Hz. Peygamberin Mekke'de Müslümanlara yapılan yoğun baskı ve şiddet ortamında Suriye, Yemen ve benzeri bölgeler yerine hicret edilecek mekân olan Habeşistan'ı seçmesi ilginçtir. Kuşkusuz bu seçimde Habeşistan'da söz konusu olan siyasal yönetime yönelik Hz. Peygamberin olumlu yaklaşımının etkisi vardır. Hz. Peygamber, Müslümanlara, "Şayet isterseniz ve yapabilirseniz Habeşistan'a sığının. Zira orada ülkesinde kimseye zulmedilmeyen bir hükümdar işbaşındadır.

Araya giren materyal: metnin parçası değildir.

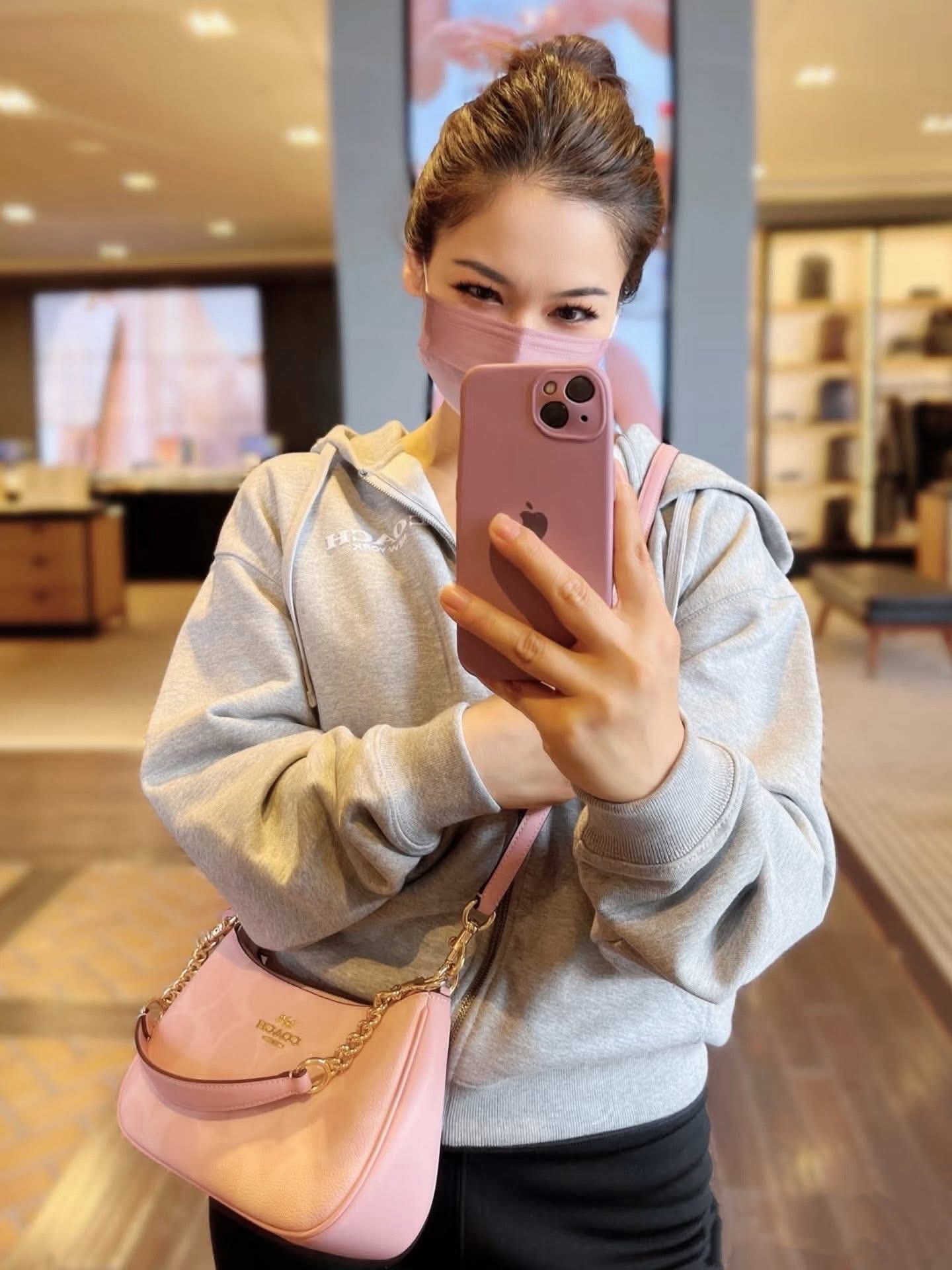 香港現貨-Coach Teri Shoulder Pink Bag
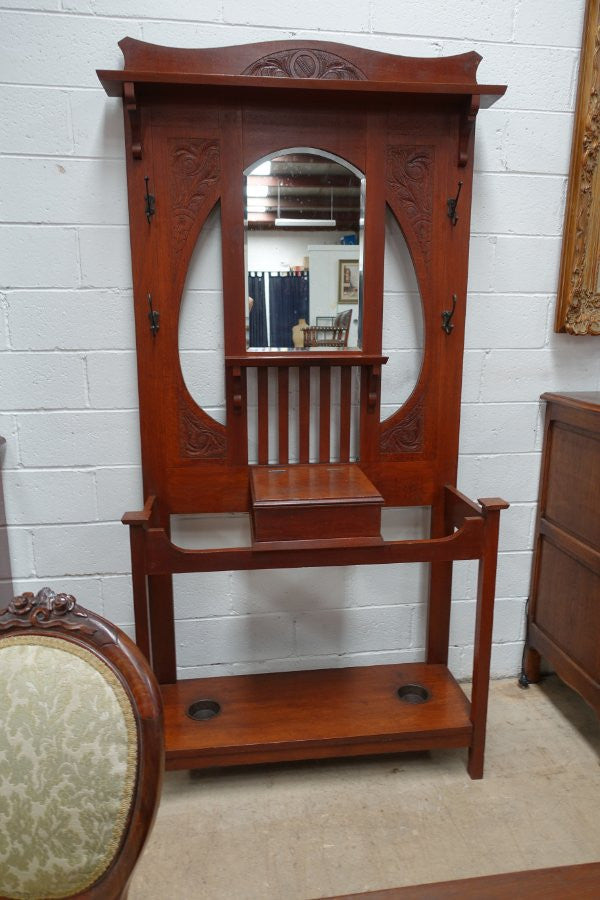 Australian Arts and Crafts Hall Stand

Orası bir doğruluk ve hakikat ülkesidir. Allah işlerde bir kolaylık verene kadar orada oturup kalın" demiştir. Hz. Peygamber Habeşistan yönetiminin adalete ve özgürlüğe verdiği değerin farkındadır ve buraya sığınan Müslümanların himaye göreceğinden emindir. Nitekim Habeşistan'a göç eden Müslümanlar Habeşistan yönetimince koruma altına alınmış ve özgürlükleri de garanti edilmiştir. Bunun karşılığında göç eden Müslümanlar bu yeni merkezde sosyal ve siyasal yapıya sahip oldukları değerlerle olumlu katkıda bulunmuşlar; sosyo-kültürel açıdan toplumsal işleyişe ayak uydurmuşlardır. 

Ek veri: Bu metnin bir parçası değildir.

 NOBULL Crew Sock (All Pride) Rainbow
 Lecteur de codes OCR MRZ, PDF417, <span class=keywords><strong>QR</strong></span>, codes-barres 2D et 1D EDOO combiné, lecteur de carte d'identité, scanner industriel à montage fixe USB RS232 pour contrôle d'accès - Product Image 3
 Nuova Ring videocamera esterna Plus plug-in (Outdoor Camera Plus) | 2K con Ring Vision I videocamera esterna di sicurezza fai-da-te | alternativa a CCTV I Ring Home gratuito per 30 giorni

Günümüzden hareketle Habeşistan tecrübesine baktığımızda günümüz çok kültürlü/kimlikli toplumsal yapısında bu tecrübenin önemli bir örneklik teşkil ettiğini söyleyebiliriz. Bu tecrübe bize, kısaca, Müslümanların ne zaman ve nerede olursa olsun içinde yaşadıkları çoğulcu yapıya saygı göstermeleri ve temel hak ve hukukun korunması, özgürlük ve adalet gibi değerler bağlamında toplumsal bir sözleşme ile çoğulcu yapıda katkıda bulunmaları gerektiğini anlatmaktadır.

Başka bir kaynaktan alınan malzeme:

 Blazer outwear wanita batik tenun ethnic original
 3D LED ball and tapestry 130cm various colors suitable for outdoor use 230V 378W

Hz. Peygamber döneminde Müslümanların yaşadığı Habeşistan tecrübesi bugün özellikler gayrimüslim halkın çoğunluğu oluşturduğu toplumsal yapılarda Müslümanın takınması gereken tutum ve tavır açısından çok şey ifade etmektedir. Günümüzde Müslümanlar yalnızca Müslüman halkın çoğunluğu oluşturduğu ülkelerde değil dünyanın hemen her yerinde yaşamakta ve çoğulcu toplum yapısını oldukça canlı şekilde tecrübe etmektedirler. İslam dünya genelinde yaygın olan küresel bir güç konumundadır. Gayrimüslim toplumlarda yaşayan Müslümanlar, bazen tarihten gelen bir azınlık olarak varlıklarını sürdürmekte; çoğunlukla da ekonomik ve siyasal nedenlerle yapılan göçler ya da ihtida hadiseleri nedeniyle bu toplumlarda yaşamaktadırlar. Her ne sebeple olursa olsun Müslümanlar yaşadıkları toplumlarda toplumun sosyal ve siyasal yapısı içerisinde bir yer edinmekte ve bazen mülteci ya da göçmen işçi bazen de vatandaş olarak varlıklarını devam ettirmektedirler. Müslümanların yaşadıkları bazı ülkelerde yer yer sosyal ve siyasal yapıya uyum konusunda sorunlar yaşadıkları ve zaman zaman asimilasyon ve ayrımcılık politikalarına konu oldukları bilinmektedir. Bazı toplumlarda sosyal ve siyasal entegrasyon politikaları asimilasyon bağlamında yürütülmektedir. Bununla birlikte birçok gayrimüslim ülkede yaşayan Müslümanlar aralarında yaşadıkları toplumla doğrudan ya da dolaylı sosyal bir sözleşme içerisinde varlıklarını sürdürmektedirler. Bu sözleşme Müslümanlar açısından onların yaşam, inanç, mal-mülk ve aile gibi temel değerlerine saygı ve bunları koruma altına almayı garanti ederken; içinde yaşanılan toplumsal yapı açısından ise Müslümanların toplumun sosyo-kültürel değerlerine saygı göstermeyi ve toplumsal işleyişe olumlu anlamda katkıda bulunmayı gerekli görmektedir.